The reply to the records below should contain exactly the lines from the line with "Soldiers of the" through the line with "Seven, six, five.", and nothing besides.

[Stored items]
+++++

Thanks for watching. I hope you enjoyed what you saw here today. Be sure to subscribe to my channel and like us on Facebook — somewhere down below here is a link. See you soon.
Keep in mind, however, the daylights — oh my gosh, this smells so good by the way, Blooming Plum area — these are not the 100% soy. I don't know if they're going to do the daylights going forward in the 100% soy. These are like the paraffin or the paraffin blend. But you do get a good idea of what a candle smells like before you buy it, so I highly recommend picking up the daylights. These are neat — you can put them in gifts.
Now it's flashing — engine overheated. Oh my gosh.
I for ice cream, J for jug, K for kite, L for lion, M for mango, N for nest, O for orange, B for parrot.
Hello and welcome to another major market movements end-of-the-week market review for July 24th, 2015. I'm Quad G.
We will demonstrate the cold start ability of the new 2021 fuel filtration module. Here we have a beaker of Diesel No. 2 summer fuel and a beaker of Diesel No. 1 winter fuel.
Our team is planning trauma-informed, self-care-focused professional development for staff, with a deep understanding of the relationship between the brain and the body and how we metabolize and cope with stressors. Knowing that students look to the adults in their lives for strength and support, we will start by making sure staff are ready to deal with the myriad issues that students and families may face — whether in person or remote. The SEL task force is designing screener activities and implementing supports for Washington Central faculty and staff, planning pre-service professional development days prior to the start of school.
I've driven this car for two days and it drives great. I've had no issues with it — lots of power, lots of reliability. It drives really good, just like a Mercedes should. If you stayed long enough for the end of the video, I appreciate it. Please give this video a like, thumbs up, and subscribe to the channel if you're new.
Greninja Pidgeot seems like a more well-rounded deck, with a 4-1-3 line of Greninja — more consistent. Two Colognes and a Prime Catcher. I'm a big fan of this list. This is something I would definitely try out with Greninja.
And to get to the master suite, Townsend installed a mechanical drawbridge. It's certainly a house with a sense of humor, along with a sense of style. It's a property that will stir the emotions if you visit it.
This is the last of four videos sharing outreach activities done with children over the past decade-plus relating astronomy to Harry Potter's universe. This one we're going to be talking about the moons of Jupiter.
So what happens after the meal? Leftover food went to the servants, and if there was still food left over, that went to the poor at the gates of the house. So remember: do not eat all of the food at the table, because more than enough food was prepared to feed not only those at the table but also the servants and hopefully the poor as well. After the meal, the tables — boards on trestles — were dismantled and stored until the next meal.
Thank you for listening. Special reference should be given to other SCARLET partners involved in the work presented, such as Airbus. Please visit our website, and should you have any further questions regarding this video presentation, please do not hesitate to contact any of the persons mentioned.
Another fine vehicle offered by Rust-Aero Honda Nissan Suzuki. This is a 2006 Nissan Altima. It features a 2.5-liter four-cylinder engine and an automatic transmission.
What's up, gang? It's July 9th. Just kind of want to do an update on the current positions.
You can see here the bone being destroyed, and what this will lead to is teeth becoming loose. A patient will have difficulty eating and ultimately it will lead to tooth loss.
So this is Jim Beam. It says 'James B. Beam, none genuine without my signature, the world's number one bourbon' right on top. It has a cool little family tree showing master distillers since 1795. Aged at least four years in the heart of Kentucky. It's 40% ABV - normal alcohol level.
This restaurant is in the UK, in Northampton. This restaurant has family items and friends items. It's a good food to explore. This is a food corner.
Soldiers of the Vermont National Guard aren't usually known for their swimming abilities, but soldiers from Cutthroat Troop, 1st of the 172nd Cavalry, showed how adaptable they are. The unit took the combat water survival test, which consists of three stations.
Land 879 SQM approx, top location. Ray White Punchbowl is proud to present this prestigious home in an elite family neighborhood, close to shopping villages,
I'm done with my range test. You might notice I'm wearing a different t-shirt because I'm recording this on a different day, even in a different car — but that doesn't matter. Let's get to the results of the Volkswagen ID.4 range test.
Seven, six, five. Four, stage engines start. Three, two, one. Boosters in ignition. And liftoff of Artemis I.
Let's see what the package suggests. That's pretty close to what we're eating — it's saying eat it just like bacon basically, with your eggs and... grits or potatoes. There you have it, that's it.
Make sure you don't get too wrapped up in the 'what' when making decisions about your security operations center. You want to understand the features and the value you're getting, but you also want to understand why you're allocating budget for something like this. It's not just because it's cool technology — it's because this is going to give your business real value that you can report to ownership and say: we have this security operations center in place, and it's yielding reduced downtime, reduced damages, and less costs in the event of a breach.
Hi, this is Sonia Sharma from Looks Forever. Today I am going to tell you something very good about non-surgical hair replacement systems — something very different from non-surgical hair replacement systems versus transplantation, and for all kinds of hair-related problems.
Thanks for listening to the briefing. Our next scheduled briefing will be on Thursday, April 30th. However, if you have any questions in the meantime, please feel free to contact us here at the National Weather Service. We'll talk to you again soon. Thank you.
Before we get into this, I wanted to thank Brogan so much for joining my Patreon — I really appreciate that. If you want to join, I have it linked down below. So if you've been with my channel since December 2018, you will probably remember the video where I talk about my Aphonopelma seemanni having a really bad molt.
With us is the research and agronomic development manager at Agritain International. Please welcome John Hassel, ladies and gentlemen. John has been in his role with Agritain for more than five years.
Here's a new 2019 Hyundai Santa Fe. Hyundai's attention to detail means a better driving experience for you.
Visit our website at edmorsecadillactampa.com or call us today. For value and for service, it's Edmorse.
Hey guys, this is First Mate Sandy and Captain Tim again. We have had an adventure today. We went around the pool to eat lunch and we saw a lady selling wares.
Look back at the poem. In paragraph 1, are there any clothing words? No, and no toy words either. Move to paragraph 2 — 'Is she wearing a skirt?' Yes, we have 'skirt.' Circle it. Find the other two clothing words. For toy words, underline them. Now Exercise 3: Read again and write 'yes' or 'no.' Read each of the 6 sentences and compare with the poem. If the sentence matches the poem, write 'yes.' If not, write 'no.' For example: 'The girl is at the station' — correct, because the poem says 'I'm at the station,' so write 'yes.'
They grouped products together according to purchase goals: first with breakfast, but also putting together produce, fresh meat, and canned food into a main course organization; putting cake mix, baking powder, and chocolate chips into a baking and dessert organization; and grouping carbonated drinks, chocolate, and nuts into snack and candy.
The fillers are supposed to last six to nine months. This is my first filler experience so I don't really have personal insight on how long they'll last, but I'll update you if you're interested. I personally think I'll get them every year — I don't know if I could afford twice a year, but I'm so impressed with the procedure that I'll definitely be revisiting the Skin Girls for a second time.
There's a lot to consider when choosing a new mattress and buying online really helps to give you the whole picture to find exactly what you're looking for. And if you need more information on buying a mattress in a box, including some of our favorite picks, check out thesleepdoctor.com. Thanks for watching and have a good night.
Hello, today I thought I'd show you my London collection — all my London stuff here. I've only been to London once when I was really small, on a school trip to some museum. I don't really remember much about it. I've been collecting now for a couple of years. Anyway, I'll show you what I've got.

+++++

_THE COMPLETED TASK:_
Soldiers of the Vermont National Guard aren't usually known for their swimming abilities, but soldiers from Cutthroat Troop, 1st of the 172nd Cavalry, showed how adaptable they are. The unit took the combat water survival test, which consists of three stations.
Land 879 SQM approx, top location. Ray White Punchbowl is proud to present this prestigious home in an elite family neighborhood, close to shopping villages,
I'm done with my range test. You might notice I'm wearing a different t-shirt because I'm recording this on a different day, even in a different car — but that doesn't matter. Let's get to the results of the Volkswagen ID.4 range test.
Seven, six, five. Four, stage engines start. Three, two, one. Boosters in ignition. And liftoff of Artemis I.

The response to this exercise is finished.